╭─ AVAILABLE DATA
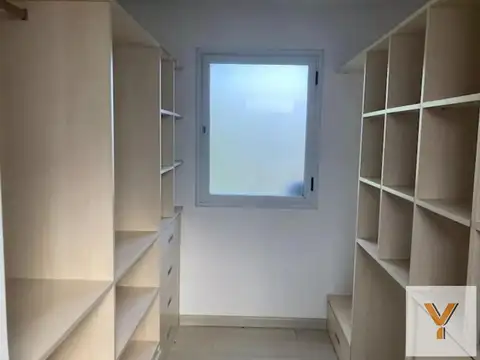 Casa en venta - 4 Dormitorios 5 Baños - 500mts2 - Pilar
╰─
╭─ AVAILABLE DATA
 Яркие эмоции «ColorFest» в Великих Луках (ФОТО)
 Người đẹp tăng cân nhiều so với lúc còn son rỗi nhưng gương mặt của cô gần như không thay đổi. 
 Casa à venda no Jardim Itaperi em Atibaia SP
╰─
TASK PROMPT » All that should be written out is the stretch of lines above between the one holding "Великих Луках (ФОТО)" and the one holding "Casa à venda no Jardim Itaperi em Atibaia SP", inclusive, exactly as given.

ANSWER BOX »
 Яркие эмоции «ColorFest» в Великих Луках (ФОТО)
 Người đẹp tăng cân nhiều so với lúc còn son rỗi nhưng gương mặt của cô gần như không thay đổi. 
 Casa à venda no Jardim Itaperi em Atibaia SP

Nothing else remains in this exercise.